Título: China avança nos EUA e Brasil patina
Autor: Landim, Raquel
Fonte: O Estado de São Paulo, 11/01/2010, Economia, p. B3

Apesar da crise, chineses ganham 3% de participação e representam 18,8% das importações americanas

A crise derrubou a demanda nos Estados Unidos e prejudicou exportadores de diversos países. Os chineses sentiram o baque, mas seguiram avançando, enquanto os brasileiros só mantiveram sua fatia no mercado americano graças às commodities. A concorrência com a China é um dos principais obstáculos para o País nos EUA.

Em setembro de 2008, quando quebrou o Lehman Brothers, as empresas chinesas respondiam por 16% das importações americanas. Em setembro do ano passado, chegaram a 18,8% - quase três pontos porcentuais a mais, revela pesquisa da Confederação Nacional da Indústria (CNI).

A participação do Brasil no mercado americano permaneceu em 1,38% no período, porque petróleo e celulose ocuparam o espaço deixado por aviões, calçados e carros. "Quando o mercado desaqueceu, as fragilidades brasileiras apareceram", disse a consultora da CNI, Sandra Ríos.

Para a especialista, o câmbio é questão-chave para entender o avanço chinês em meio à crise. A fim de estimular as exportações, a China voltou a atrelar sua moeda ao dólar, incrementando a competitividade que já possui graças aos baixos custos tributário e de mão de obra.

O real foi uma das moedas que mais se valorizaram em relação ao dólar e as empresas brasileiras perderam contratos no exterior. A fabricante de móveis Erval perdeu seu principal cliente nos EUA e hoje exporta um volume pequeno para o país. "O problema não foi a crise, mas o câmbio.
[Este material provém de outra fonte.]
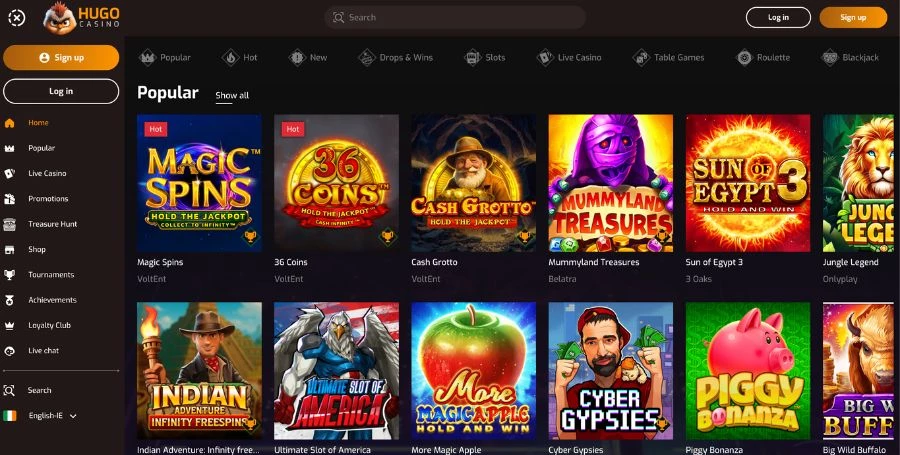Game Selection at Hugo Casino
Fomos substituídos por fornecedores chineses", diz o gerente de exportação, Aquiles Cedeño.

As vendas para os Estados Unidos já vinham crescendo menos que a média das exportações brasileiras nos últimos anos. A crise foi o estopim dos problemas e pequenas e médias empresas, que tentavam explorar o mercado americano, tiveram de desistir por causa da conjuntura desfavorável.

É o caso de um grupo de fabricantes de gesso de Pernambuco, que tinha um escritório em Miami. "A crise inviabilizou o negócio. Tivemos de fechar as portas", contou o presidente da Supergesso, Josias Inojosa de Oliveira Filho. Os fabricantes de gesso pernambucanos ainda exportam para Angola e América Central.
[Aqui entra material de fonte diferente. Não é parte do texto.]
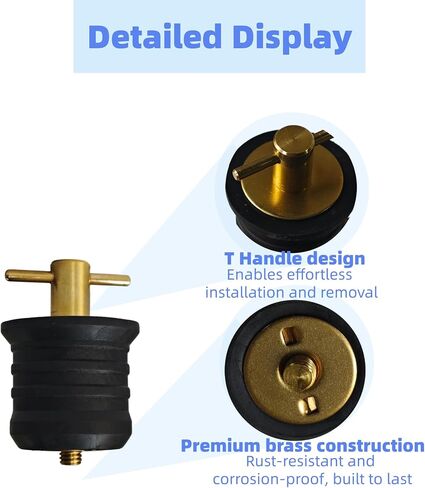 4 Pcs 1.25 Inch Boat Drain Plugs with T Handle, Twist-Turn Seal Design, Sturdy Rubber Plugs for 1-1/4 Inch Drains Locks (Brass) in Kuwait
Desde 2001, quando entrou na Organização Mundial de Comércio (OMC), a China mais que duplicou sua presença nos EUA. Em 2001, o país respondia por 8,6% das importações americanas. Hoje, tem 10 pontos porcentuais a mais. A fatia do Brasil oscilou de 1,2% em 2001 para os atuais 1,38%.

O caso mais emblemático da perda de competitividade do Brasil em relação à China e outros países asiáticos é o de calçados. Em 2002, a China vendia US$ 9 bilhões em sapatos para os americanos. Em 2008, chegou a US$ 14 bilhões. O Vietnã saiu de inexpressivos US$ 124 milhões para US$ 1,2 bilhão.

O espaço ocupado pelos asiáticos era do Brasil. Em 2002, os calçadistas brasileiros vendiam US$ 1,25 bilhão para os americanos. Em 2008, menos da metade, US$ 515 milhões. Já a Itália, apoiada em suas marcas, manteve-se entre US$ 1,1 bilhão e US$ 1,2 bilhão.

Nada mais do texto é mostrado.